Zionism is bullshit. There is no Jewish future in oppression. There will be some awful cataclysm. The only way to defeat Nazism was with total war. The only way to defeat imperial Japan was with nuclear weapons. It may be similar with Zionism.

I agree that the Zionist have won, and that fact is unlikely to change. Given that, and given the role that the U.S. played in creating this situation, I think that the U.S. should offer passage to the U.S. and citizenship here to all Palestinians who wish to avail of the offer. Of course, that is also unlikely, at least while Trump is in charge.

I agree that the demand that Palestinians forget their history is cruel, though let us not forget that the underlying cruelties are the dispossession and oppression that drove them from their homes and homeland. I agree as well that supporting Mondoweiss is a worthy action.

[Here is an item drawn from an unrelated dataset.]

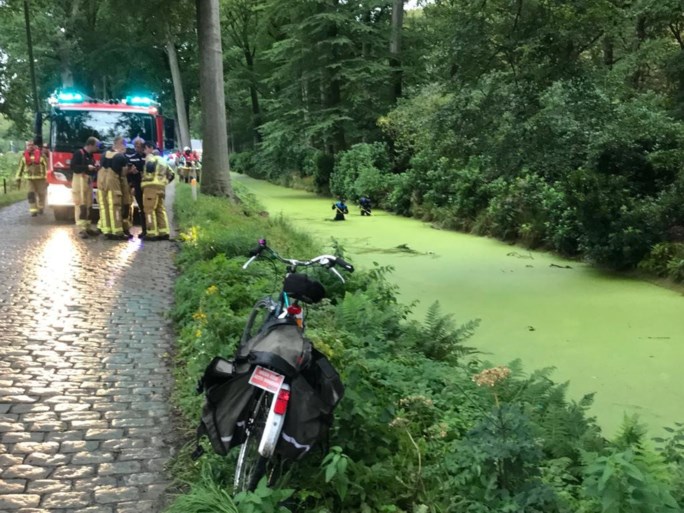 Brandweer doorzoekt gracht: duikers halen er fiets uit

Beyond that, given U.S. complicity in those crimes and cruelties, it seems to me that there should be a tangible memorial and reminder on U.S. soil, something comparable to the Holocaust Museum in DC. After all, the U.S. did not perpetrate the Holocaust, or support it with our financial, diplomatic and military aid. Instead, the U.S. mobilized all its resources in a total war against the perpetrators.

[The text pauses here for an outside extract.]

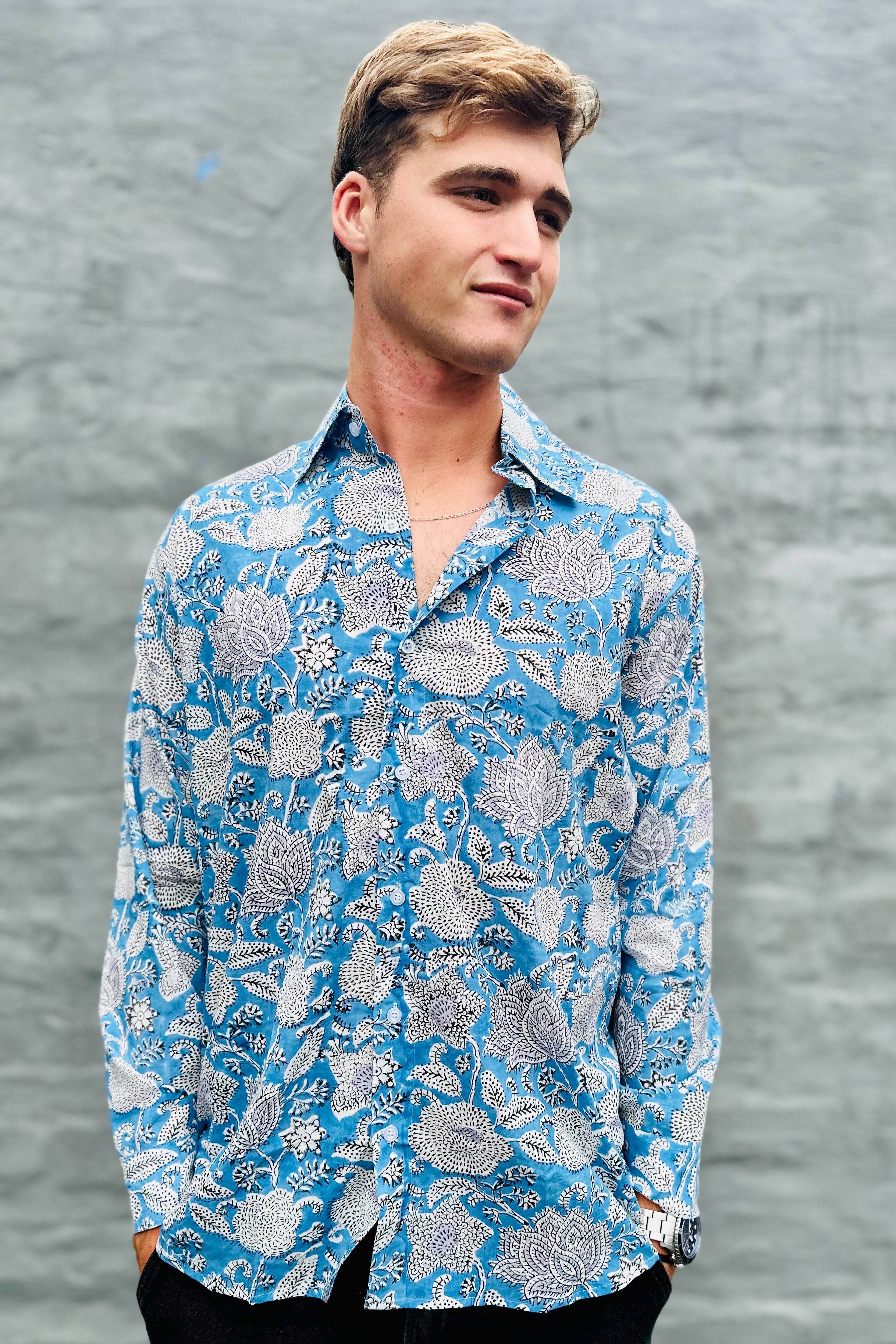 Men's Long Sleeve Shirt In Lapis Botanical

On the other hand, we did help, in many ways, in the ethnic cleansing of Palestine. That is all the more reason for there to be a lasting, visible reminder in a prominent place on U.S. soil. I’d support such a museum, but I don’t know of one. Is there something similar in the U.S.?

Maybe the NYT will eventually shaft Israel and abandon Zionism.
But for that to happen all the truth will be required.

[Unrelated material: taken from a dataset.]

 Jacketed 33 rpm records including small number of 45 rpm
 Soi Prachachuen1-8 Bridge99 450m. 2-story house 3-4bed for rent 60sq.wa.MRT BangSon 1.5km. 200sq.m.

https://www.nytimes.com/2018/07/26/opinion/israel-law-jewish-democracy-apartheid-palestinian.html

Mr Boehm writes that “of the 11.8 million people who live in Israel and the west Bank, roughly 56% are Jewish and 40% are Arab
That would imply 6.6 m Zionists and 4.7 m Palestinians. Still a Zionist majority.
But Gaza was left out. Gaza has 2m Palestinians.
Now it looks different. 6.6m Zionists and 6.7 m Palestinians.

The NYT has a long way to go before it can look justice in the eye.